Studio album by Teyana Taylor
- Released: August 22, 2025
- Genres: R&B; hip-hop;
- Length: 47:00
- Labels: Taylormade; Def Jam;
- Producers: Antoine Darden; Bssmn; Carrington Brown; Crater; Daoud; Dave Drake; Demibby; Derrick Milano; D. Phelps; Dre Butterz; Flippa123; Freaky Rob; Gwen Bunn; IAmNobodi; Kaytranada; Kavin Smith; Keithen Foster; Kristian Rose; Rance; Makii Beats; Met James; Mixx; Paula Sophia; Ray Keys; Rico Love; Teyana Taylor; The Runners; XYNothing;

Teyana Taylor chronology
| The Album (2020) | Escape Room (2025) |  |

Singles from Escape Room
- "Long Time" Released: June 4, 2025; "Bed of Roses" Released: June 27, 2025;

= Escape Room (Teyana Taylor album) =

Escape Room is the fourth studio album by American singer Teyana Taylor, released through Taylormade Enterprises, Inc. on August 22, 2025, with distribution handled by Def Jam Recordings.
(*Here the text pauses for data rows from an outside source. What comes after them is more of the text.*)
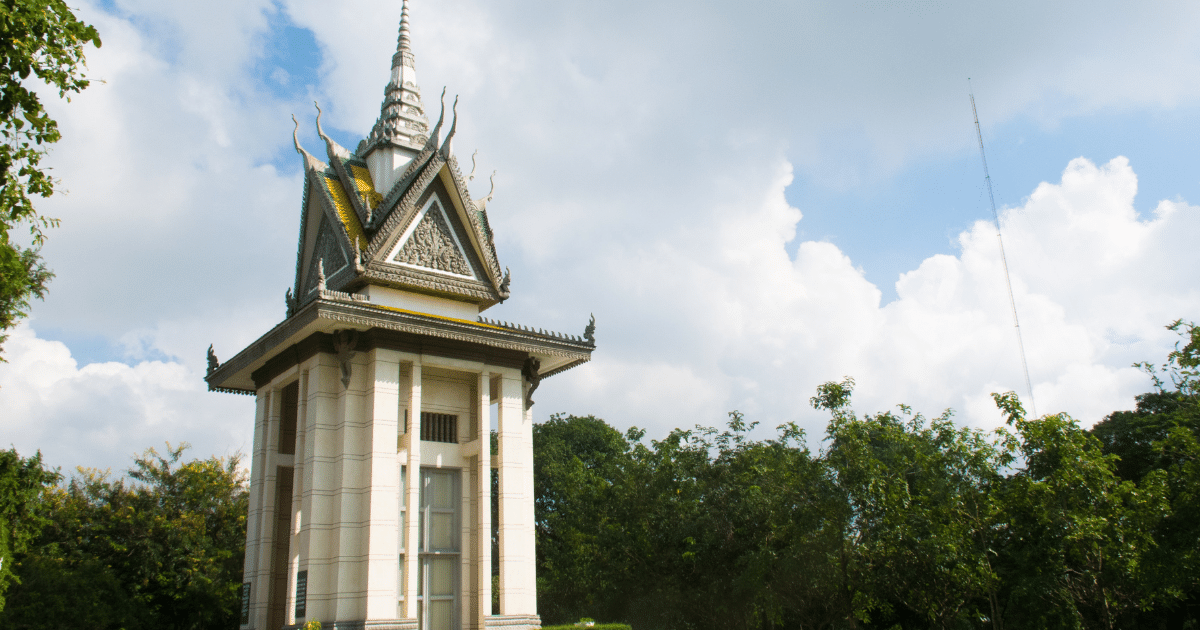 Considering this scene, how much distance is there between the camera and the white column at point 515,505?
1994cm

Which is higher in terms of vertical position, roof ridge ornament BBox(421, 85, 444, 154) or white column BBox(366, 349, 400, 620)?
roof ridge ornament BBox(421, 85, 444, 154)

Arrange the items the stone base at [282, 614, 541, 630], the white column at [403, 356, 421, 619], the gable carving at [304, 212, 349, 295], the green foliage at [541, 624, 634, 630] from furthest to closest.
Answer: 1. the green foliage at [541, 624, 634, 630]
2. the gable carving at [304, 212, 349, 295]
3. the white column at [403, 356, 421, 619]
4. the stone base at [282, 614, 541, 630]

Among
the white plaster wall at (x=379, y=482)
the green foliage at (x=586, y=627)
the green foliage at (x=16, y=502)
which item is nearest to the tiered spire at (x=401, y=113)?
the white plaster wall at (x=379, y=482)

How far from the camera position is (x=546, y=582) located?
41312 millimetres

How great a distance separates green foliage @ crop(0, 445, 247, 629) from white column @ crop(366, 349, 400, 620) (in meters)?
11.0

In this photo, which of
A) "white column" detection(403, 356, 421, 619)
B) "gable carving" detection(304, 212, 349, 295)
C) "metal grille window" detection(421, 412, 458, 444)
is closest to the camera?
"white column" detection(403, 356, 421, 619)

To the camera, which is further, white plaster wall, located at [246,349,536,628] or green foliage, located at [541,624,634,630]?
green foliage, located at [541,624,634,630]

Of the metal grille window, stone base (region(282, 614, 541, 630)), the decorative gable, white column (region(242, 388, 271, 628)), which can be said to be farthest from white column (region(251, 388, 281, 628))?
the decorative gable

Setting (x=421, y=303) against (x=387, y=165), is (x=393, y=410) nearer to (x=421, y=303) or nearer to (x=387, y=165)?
(x=421, y=303)

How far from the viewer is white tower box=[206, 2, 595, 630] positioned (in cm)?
1856

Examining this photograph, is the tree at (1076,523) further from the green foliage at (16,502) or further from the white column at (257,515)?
the green foliage at (16,502)

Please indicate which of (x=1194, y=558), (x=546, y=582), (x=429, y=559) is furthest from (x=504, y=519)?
(x=546, y=582)

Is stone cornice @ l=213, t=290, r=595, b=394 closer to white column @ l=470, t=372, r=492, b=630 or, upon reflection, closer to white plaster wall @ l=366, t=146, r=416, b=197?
white column @ l=470, t=372, r=492, b=630

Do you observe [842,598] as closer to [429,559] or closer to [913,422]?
[913,422] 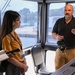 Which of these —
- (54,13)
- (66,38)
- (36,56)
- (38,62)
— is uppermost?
(54,13)

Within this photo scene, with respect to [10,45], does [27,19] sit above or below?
above

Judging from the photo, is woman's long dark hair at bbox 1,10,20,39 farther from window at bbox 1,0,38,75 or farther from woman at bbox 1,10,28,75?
window at bbox 1,0,38,75

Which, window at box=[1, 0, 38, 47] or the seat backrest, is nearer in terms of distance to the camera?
the seat backrest

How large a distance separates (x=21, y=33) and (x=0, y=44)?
67.0 inches

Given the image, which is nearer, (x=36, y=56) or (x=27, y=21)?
(x=36, y=56)

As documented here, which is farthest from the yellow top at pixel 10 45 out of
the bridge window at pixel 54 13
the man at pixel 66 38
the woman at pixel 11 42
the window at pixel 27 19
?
the bridge window at pixel 54 13

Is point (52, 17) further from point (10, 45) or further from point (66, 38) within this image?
point (10, 45)

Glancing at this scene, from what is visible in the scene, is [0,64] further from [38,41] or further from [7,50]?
[38,41]

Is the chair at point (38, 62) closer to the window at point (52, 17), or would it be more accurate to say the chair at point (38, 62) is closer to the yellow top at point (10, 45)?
the window at point (52, 17)

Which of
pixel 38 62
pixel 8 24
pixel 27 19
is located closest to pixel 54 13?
pixel 27 19

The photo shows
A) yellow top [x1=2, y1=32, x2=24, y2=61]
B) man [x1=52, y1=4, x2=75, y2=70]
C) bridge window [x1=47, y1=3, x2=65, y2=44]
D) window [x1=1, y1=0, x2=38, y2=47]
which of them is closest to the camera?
yellow top [x1=2, y1=32, x2=24, y2=61]

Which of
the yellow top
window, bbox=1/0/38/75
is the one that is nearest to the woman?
the yellow top

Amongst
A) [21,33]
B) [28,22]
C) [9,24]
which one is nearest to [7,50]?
[9,24]

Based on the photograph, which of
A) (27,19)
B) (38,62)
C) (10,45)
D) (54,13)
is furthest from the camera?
(54,13)
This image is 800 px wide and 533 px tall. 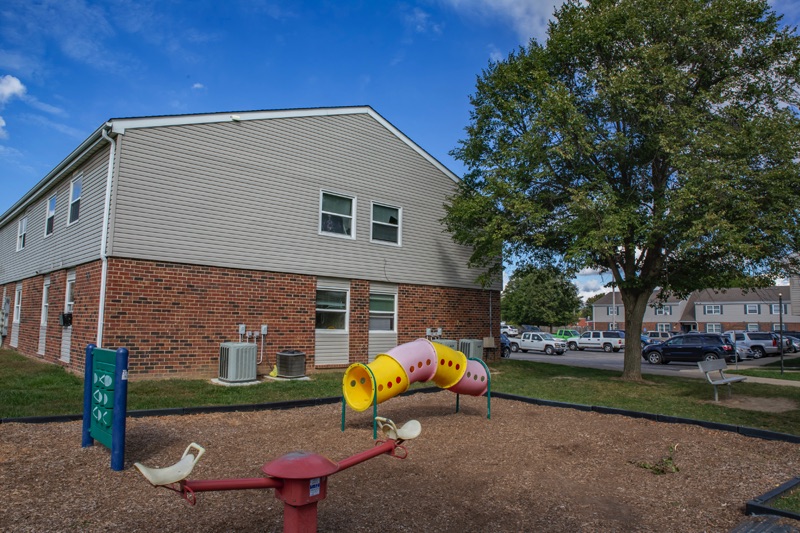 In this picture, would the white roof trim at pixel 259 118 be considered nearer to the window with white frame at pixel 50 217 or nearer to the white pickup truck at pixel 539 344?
the window with white frame at pixel 50 217

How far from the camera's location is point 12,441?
633cm

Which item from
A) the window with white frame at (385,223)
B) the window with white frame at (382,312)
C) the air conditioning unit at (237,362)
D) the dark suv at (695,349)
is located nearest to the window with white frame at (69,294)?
the air conditioning unit at (237,362)

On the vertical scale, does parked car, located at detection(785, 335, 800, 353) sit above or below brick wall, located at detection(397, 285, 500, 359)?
below

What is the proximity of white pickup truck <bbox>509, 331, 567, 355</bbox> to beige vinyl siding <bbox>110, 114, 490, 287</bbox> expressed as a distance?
59.8ft

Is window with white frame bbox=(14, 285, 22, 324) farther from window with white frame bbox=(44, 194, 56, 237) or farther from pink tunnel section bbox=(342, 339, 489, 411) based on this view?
pink tunnel section bbox=(342, 339, 489, 411)

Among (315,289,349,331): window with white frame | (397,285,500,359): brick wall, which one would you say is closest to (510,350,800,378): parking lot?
(397,285,500,359): brick wall

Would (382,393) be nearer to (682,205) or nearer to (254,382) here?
(254,382)

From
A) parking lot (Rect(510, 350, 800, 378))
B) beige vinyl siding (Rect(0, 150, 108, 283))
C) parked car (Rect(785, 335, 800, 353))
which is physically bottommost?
parking lot (Rect(510, 350, 800, 378))

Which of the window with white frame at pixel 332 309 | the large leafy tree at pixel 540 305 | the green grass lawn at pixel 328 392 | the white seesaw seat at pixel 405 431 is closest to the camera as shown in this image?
the white seesaw seat at pixel 405 431

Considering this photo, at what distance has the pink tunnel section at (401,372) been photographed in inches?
298

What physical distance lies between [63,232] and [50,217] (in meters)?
2.26

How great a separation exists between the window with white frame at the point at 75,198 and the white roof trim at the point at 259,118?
10.1ft

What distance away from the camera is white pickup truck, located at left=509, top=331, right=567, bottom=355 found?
3492 centimetres

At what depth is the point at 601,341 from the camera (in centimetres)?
3928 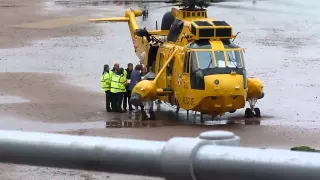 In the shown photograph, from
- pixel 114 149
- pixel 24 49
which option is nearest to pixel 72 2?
pixel 24 49

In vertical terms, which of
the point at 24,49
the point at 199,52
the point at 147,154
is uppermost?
the point at 147,154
It features production from Rico Love, the Runners, Kaytranada, Freaky Rob, and Derrick Milano, alongside narrated interludes by Issa Rae, Jill Scott, Taraji P. Henson, Jodie Turner-Smith, Kerry Washington, La La Anthony, Niecy Nash, Regina King, and Sarah Paulson. The album was accompanied by a 38-minute short film co-starring actors Aaron Pierre and LaKeith Stanfield, which was uploaded to YouTube.

Escape Room received a nomination for Best R&B Album at the 68th Annual Grammy Awards, marking Taylor's first career Grammy nomination.

==Background==
In the aftermath of the release of previous studio album, The Album, Taylor announced her retirement from music in 2020 and subsequent pivot to creative directing for other artists after label strife. Taylor decided to return to music in early 2025 after an acrimonious, public divorce from Iman Shumpert and the signing of a new distribution deal with Def Jam Recordings.

Speaking on her new project to Variety, Taylor explains, "Escape Room isn't just a film or an album, it's a world I built to live in, bleed in, and heal in. I poured my heart into every layer, from the story to the sound, to capture that journey we all take through the shadows of heartbreak, whether that's love lost, friendships broken, dreams deferred and guide you toward the lightness of healing."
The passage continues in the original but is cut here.